The Supreme Court disagreed, once again reinstating the officer.

"No doubt many observers would find Kinsey's actions disturbing," Justice Anne McKeig wrote in a 12-page opinion. "But state statute requires arbitration, and the city's contract with the union gives the arbitrator the authority to decide what constitutes just cause for termination."

Ramifications for Duluth

The high court decision was not what Duluth was hoping to see, Johnson said, acknowledging it makes the city's path "more difficult."

But he said the facts of the two cases have some critical differences.

"We believe that the Huot case is a more compelling case than the Richfield case," Johnson said. "In our case we have a situation where the arbitrator did find that the officer violated the use-of-force policy. The arbitrator did find that he believes the officer will, in fact, violate again. We have some very compelling video showing the incident, and it turns your stomach."

Morris, however, said the Supreme Court ruling affirms the role of arbitration in employment disputes covered by collective-bargaining agreements. He said the union is prepared to continue its defense on appeal but called on the city to "be good stewards of taxpayer money" and end the litigation.

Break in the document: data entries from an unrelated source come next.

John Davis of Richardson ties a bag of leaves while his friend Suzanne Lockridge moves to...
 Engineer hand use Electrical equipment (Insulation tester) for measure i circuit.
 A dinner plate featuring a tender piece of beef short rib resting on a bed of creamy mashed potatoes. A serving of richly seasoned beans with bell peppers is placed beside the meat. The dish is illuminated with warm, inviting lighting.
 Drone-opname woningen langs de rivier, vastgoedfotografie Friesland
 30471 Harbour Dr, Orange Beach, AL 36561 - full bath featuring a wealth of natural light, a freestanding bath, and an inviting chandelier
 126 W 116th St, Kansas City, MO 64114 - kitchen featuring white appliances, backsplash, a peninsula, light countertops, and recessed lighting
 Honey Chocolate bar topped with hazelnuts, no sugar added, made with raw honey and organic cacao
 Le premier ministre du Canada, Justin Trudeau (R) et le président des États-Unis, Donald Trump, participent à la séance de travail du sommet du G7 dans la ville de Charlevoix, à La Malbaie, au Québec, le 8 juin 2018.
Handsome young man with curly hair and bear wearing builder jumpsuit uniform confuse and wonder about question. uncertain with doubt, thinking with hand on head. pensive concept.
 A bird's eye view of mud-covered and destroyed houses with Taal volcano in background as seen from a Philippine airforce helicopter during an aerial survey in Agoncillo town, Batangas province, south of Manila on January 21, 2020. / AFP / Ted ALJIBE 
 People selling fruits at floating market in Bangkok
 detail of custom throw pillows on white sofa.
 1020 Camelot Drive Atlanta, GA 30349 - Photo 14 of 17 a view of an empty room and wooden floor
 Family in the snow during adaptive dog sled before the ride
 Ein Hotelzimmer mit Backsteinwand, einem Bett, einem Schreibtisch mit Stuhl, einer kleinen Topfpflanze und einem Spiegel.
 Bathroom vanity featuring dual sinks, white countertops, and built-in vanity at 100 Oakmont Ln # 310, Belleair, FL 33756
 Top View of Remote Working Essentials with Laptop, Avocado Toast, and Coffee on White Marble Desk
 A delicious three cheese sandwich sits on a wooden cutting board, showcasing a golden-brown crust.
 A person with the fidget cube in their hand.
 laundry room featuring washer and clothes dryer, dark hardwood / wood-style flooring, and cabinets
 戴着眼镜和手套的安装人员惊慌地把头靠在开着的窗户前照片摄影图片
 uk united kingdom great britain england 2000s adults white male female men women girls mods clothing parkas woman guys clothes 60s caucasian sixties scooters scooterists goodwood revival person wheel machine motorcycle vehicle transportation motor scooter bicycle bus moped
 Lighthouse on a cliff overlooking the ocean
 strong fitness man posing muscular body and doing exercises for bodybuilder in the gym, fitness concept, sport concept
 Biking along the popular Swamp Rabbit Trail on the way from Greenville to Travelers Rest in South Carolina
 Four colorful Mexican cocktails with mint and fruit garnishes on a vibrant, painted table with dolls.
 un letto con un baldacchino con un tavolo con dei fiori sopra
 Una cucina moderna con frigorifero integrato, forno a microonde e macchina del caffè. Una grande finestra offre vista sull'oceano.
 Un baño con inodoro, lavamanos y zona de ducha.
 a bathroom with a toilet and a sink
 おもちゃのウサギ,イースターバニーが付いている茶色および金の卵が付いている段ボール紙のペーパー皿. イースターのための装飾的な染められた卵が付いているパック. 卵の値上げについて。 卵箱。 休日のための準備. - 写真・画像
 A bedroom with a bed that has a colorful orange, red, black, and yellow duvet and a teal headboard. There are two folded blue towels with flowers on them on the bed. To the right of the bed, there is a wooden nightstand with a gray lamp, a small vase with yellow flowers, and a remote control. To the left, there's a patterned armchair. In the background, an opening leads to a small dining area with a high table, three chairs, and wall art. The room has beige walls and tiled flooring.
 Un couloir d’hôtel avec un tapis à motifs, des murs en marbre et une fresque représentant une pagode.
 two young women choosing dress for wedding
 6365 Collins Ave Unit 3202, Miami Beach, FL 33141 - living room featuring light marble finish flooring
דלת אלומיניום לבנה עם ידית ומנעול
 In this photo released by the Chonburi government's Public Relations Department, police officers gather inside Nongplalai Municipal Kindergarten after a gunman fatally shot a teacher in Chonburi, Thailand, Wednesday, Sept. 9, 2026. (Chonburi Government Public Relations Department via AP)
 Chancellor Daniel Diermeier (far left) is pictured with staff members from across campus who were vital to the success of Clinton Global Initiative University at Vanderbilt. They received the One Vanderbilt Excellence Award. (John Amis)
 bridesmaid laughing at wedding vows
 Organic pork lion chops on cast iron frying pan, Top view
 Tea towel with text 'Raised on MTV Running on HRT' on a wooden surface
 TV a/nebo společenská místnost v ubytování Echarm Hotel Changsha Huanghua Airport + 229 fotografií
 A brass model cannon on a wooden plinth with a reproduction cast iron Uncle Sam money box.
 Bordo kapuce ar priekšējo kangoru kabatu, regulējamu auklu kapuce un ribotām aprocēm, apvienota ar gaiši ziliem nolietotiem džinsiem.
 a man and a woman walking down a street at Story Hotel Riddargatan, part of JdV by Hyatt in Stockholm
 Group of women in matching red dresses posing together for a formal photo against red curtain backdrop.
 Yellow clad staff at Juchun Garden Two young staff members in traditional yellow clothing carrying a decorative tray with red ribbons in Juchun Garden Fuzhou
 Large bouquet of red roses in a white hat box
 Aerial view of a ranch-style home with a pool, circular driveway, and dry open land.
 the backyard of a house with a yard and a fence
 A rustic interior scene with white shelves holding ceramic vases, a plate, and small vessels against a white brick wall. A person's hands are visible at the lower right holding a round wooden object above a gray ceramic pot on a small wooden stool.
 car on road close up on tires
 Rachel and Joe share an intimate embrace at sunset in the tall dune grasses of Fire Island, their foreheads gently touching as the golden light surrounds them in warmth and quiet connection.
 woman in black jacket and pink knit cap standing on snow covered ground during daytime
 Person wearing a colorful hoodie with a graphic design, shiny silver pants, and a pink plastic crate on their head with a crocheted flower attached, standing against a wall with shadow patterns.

"At a certain point, nothing is going to change here," Morris said. "There are decisions they're going to have to make on whether they bring him back or what they're going to do. That's the part that's disappointing to me. It's clearly a no-win situation to continue to go forward with this."

Huot, who has an annual salary of $73,522, remains on unpaid leave as litigation continues. When Bognanno ordered him reinstated in June, he ruled the officer would not be entitled to collect back pay for the 13-month period that had elapsed since the incident.

Both Johnson and Morris acknowledged the possibility of some voluntary severance agreement, but both sides appeared braced to continue litigation in the foreseeable future.

The city has yet to officially file its appeal, pending formal entry of judgment from the district court. Once that occurs, it will likely be several months before a three-judge panel hears the case.